Re: [PATCH 0/6] xen: frontend devices should handle missed backend CLOSING

[Konrad Rzeszutek Wilk]

On Fri, Sep 21, 2012 at 05:04:18PM +0100, David Vrabel wrote:
> The series makes all the Xen frontend drivers handle the backend
> transitioning to CLOSED without the frontend having previously seen
> the backend in the CLOSING state.
> 
> Backends shouldn't do this but some do.  e.g., if the host is
> XenServer and the toolstack decides to do a forced shutdown of a VBD,
> then the blkfront may miss the CLOSING transition and the /dev/xvdX
> device will not be destroyed which prevents it being reused.
> 
> I have seen systems that ended up in this state but it's not clear if
> this was the actual cause.  However, I think in general it's a good
> thing to thing to improve the handling of unexpected state
> transitions.
> 
> Konrad, I've split this into a patch per frontend in case each patch
> should go via a different maintainer.  But if you'd prefer, I can roll
> this up into one patch to via your Xen tree.

I like the split-up. Can you repost them with the different maintainers
CC (scripts/get_maintainers.pl) and with Acked-by from me on them?

> 
> David

Re: [PATCH 2/6] xen-blkfront: handle backend CLOSED without CLOSING

[David Vrabel]

On 21/09/12 17:04, David Vrabel wrote:
> From: David Vrabel <david.vrabel@citrix.com>
> 
> Backend drivers shouldn't transistion to CLOSED unless the frontend is
> CLOSED.  If a backend does transition to CLOSED too soon then the
> frontend may not see the CLOSING state and will not properly shutdown.
> 
> So, treat an unexpected backend CLOSED state the same as CLOSING.
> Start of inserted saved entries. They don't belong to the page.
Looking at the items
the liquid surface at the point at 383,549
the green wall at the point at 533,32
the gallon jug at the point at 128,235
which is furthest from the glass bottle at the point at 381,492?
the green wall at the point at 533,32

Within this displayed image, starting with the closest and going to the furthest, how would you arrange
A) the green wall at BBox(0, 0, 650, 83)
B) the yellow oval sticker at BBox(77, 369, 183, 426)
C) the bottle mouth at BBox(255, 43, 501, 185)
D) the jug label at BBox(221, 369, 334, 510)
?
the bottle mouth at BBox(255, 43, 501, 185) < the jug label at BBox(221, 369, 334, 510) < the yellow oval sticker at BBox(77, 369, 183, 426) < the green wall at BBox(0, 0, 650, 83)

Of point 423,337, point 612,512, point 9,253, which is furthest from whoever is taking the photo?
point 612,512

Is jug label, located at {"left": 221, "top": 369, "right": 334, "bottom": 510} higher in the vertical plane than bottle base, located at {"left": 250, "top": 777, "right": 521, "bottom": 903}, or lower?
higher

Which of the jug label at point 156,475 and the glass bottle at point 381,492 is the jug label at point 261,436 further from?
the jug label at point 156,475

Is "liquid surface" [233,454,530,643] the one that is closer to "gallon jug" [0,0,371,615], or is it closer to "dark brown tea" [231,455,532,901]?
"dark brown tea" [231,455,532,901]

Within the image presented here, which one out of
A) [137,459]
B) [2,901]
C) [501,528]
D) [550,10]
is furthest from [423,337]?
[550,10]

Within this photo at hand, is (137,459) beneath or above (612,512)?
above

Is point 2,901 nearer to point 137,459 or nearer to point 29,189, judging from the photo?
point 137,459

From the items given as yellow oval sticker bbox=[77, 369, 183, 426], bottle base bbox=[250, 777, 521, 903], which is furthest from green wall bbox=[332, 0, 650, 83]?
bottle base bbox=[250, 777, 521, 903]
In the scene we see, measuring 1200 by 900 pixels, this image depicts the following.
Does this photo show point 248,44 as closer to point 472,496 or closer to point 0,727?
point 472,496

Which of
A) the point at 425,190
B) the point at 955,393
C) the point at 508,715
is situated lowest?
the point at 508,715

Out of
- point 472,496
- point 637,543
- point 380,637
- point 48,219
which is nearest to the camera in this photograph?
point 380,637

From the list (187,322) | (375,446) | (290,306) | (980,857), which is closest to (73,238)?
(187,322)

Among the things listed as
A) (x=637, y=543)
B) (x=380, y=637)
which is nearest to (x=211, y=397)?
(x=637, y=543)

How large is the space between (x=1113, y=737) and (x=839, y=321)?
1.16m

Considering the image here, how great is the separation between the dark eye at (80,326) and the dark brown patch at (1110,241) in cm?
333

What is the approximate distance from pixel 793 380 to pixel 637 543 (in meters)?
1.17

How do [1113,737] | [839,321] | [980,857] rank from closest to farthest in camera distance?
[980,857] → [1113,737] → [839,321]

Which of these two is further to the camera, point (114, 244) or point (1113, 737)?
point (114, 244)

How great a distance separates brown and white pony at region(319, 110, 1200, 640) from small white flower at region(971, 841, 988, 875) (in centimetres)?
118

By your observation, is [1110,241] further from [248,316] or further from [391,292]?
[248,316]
Didn't handle the frontend block device being mounted. Updated patch here.

8<---------------------------------
xen-blkfront: handle backend CLOSED without CLOSING

Backend drivers shouldn't transistion to CLOSED unless the frontend is
CLOSED.  If a backend does transition to CLOSED too soon then the
frontend may not see the CLOSING state and will not properly shutdown.

So, treat an unexpected backend CLOSED state the same as CLOSING.

If the backend is CLOSED then the frontend can't talk to it so go to
CLOSED immediately without waiting for the block device to be closed
or unmounted.

Signed-off-by: David Vrabel <david.vrabel@citrix.com>
---
 drivers/block/xen-blkfront.c |   13 +++++++++----
 1 files changed, 9 insertions(+), 4 deletions(-)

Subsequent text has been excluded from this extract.